More and more, I’m fascinated by the New York subway system–how the tracks run through the city, where various lines go, the system’s history, and so on. I love reading about abandoned stations, platforms, and sections of track, and having romantic fantasies of underground lairs like Lex Luthor’s in the first Superman movie.
I recently bought the book Tracks of the New York Subways, which features full maps of the entire New York City subway lines. It shows where all the tracks and switches are and the intricate ways in which trains move through the system.

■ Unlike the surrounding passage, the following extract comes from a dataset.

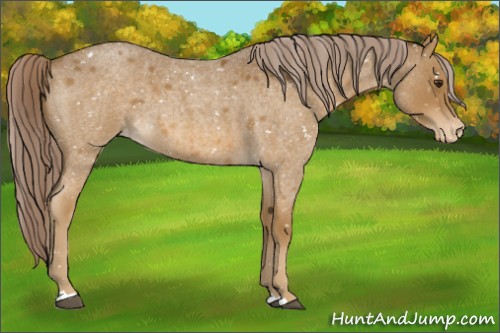 Horse Color:Chocolate Palomino Roan Appaloosa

Recently, I read a blog post by someone who has traveled the entire 722 miles of the subway system, seeing every train line and every station. I think that’s my new ambition; and it doesn’t bother me that I’m not the first to do it.
Jumping continents, London’s Transport Museum has a nice Flash feature contrasting the London Underground map with the geography above. The tube map isn’t really a map, in the way we usually think of them; it’s a conceptual schematic. The tube map shows, for example, Notting Hill Gate station on a perfectly straight horizontal red line that passes through Bond Street, Tottenham Court Road, and Holborn, before veering sharply downward to Bank. In reality, however, the line runs at a slight upward diagonal to Holborn before diverting down to Bank.
The map as it stands is a thing of simple elegance. All angles on the schematic are at 45 or 90 degrees, for example. But it’s criticized for distorting the geography of the landscape above it. You can easily assume, as I noted above, that Bond Street is due east of Notting Hill Gate, when that’s not really the case.
The Transport Museum’s Real Underground site allows you to contrast the original 1993 map with today’s map. Click to see the “real” Underground, and the Flash interface morphs the elegant curves and lines and angles of the schematic into a more chaotic map that shows where the trains actually go. Not only is it informative, but it’s a creative use of Flash.